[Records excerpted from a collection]
━━━━━━━━━━━━━━━━━━━━

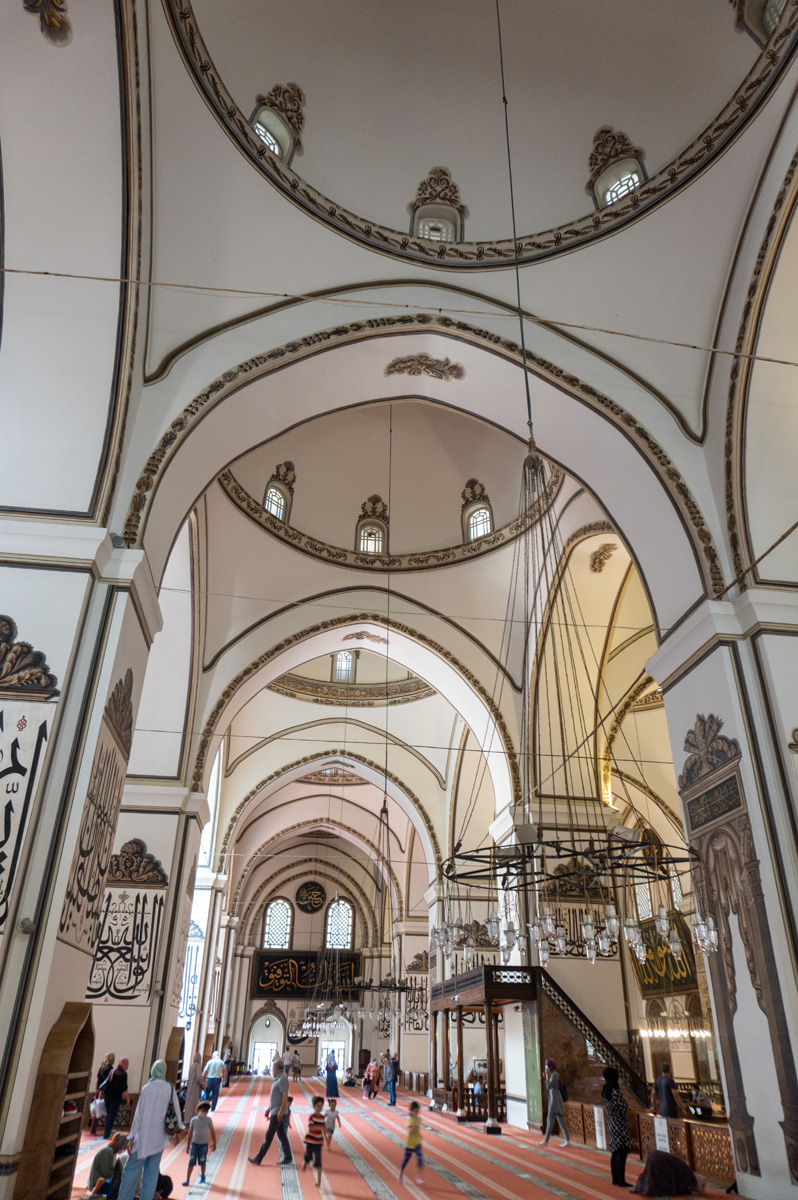Grand Mosque of Bursa, Some of the 20 arched domes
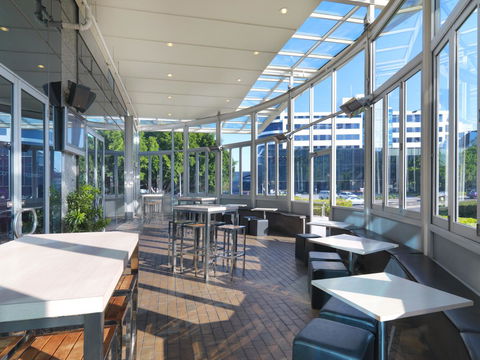 Crowne Plaza Sydney Airport, An IHG Hotel - Rental Cars 40
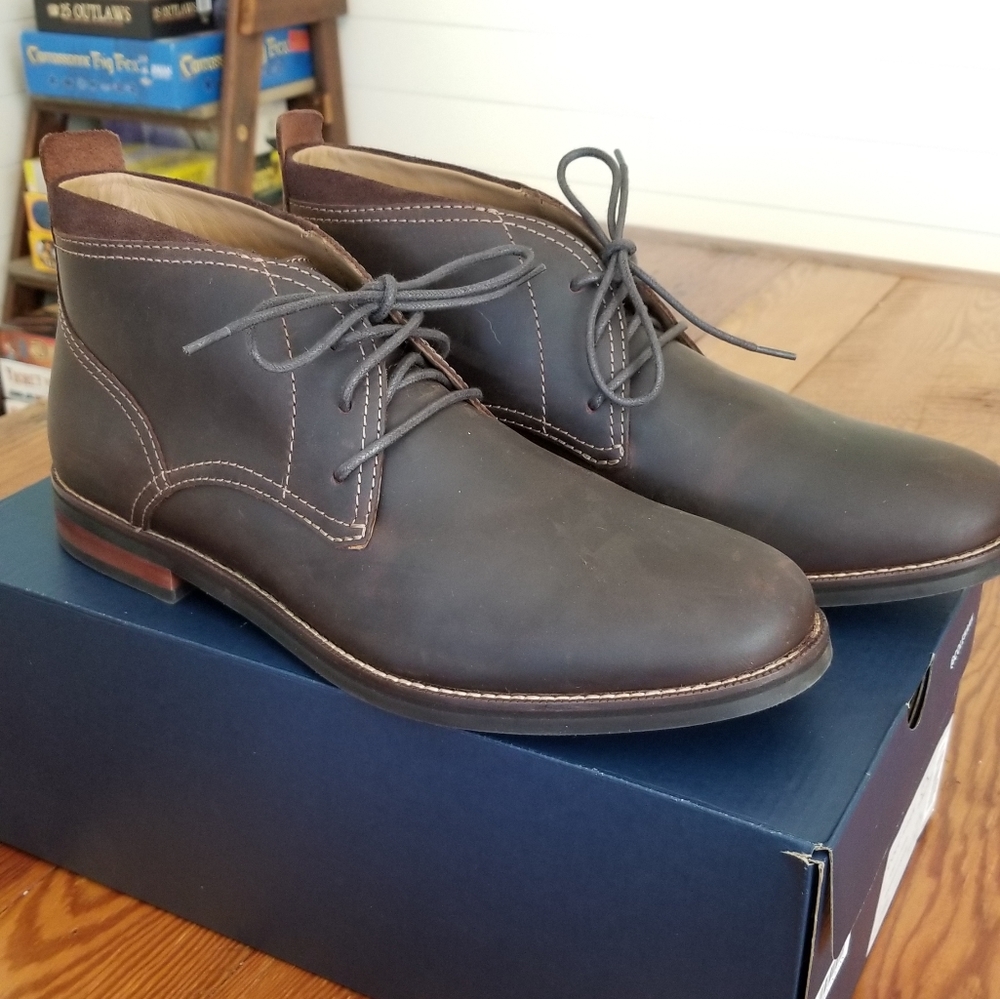 Cole haan Howlett Chukka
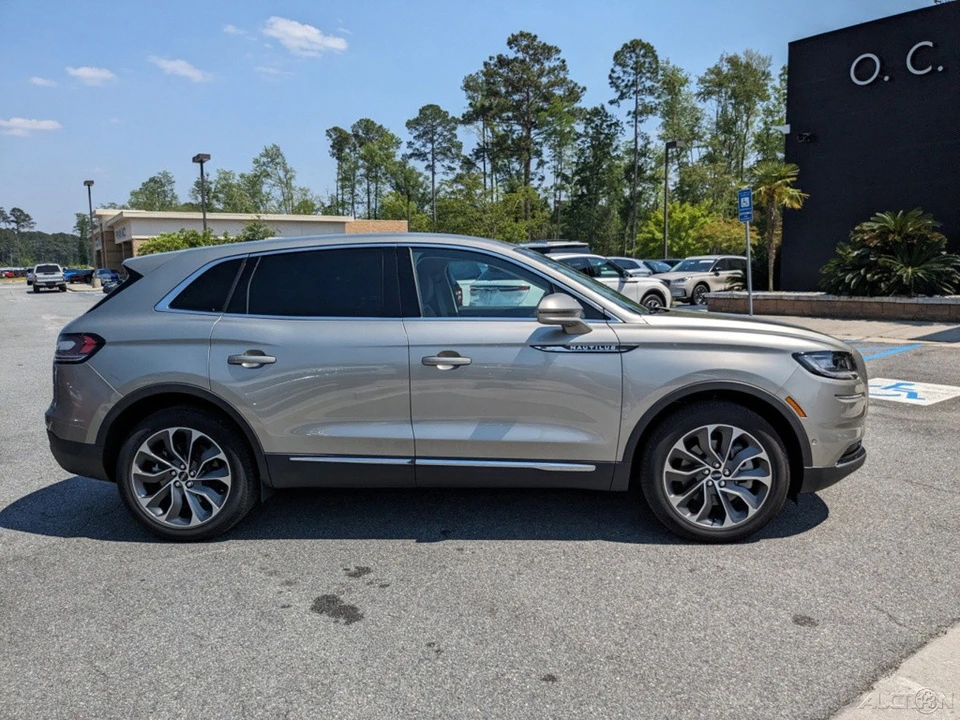 2023 Lincoln Nautilus - Image 3 of 21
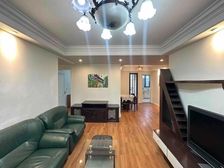 小区中心花园位置 不靠马路 电梯中层边套 精装修拎包入住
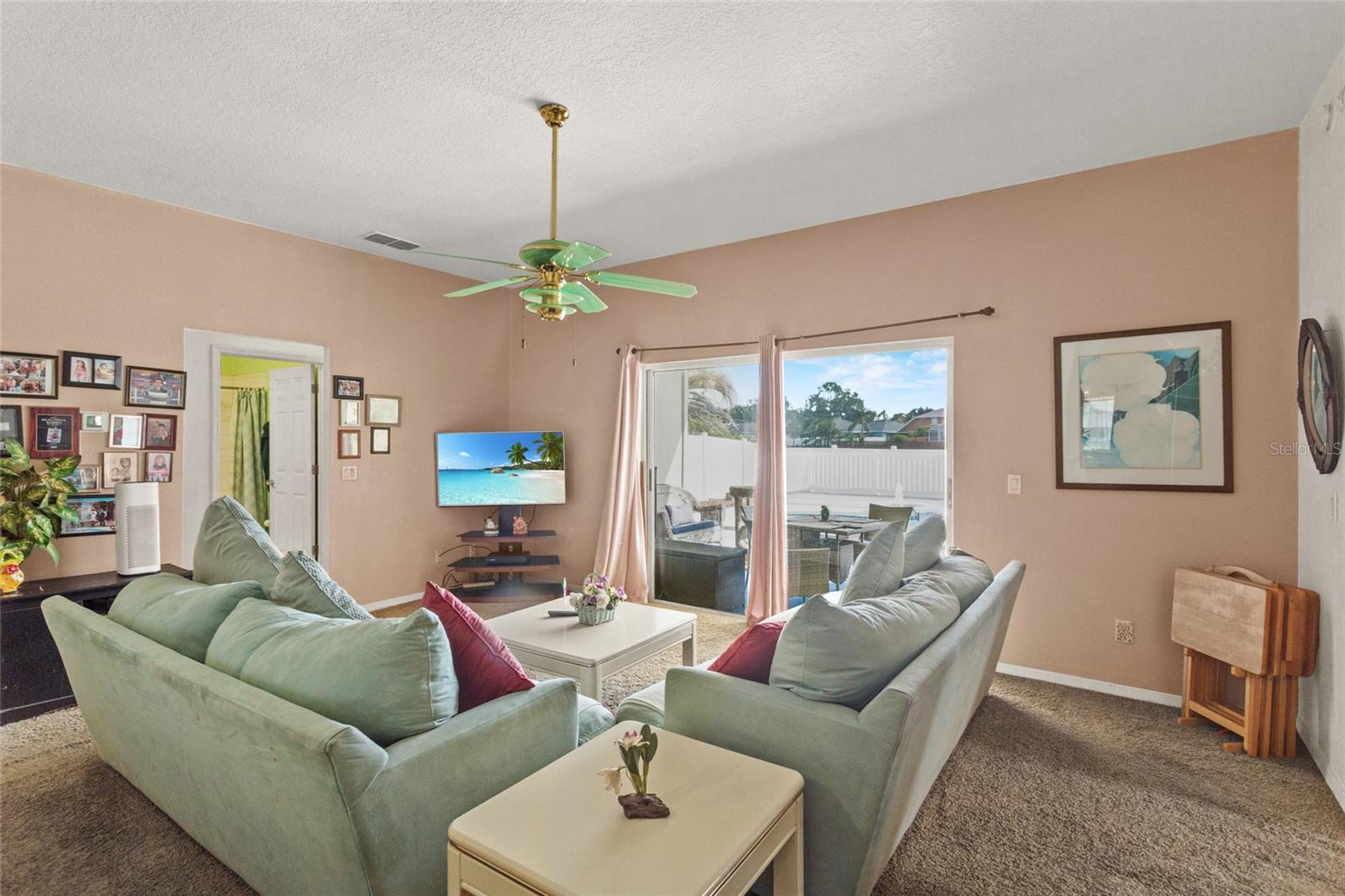 Image 9 of 32 For 906 Berwick Drive
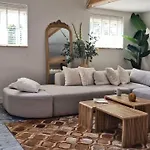 Somers Loft Bed & Breakfast 4*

━━━━━━━━━━━━━━━━━━━━

**What you should do**
Your task is to set down every entry exactly, leaving out any picture it contains.

**Your response**
Grand Mosque of Bursa, Some of the 20 arched domes
 Crowne Plaza Sydney Airport, An IHG Hotel - Rental Cars 40
 Cole haan Howlett Chukka
 2023 Lincoln Nautilus - Image 3 of 21
 小区中心花园位置 不靠马路 电梯中层边套 精装修拎包入住
 Image 9 of 32 For 906 Berwick Drive
 Somers Loft Bed & Breakfast 4*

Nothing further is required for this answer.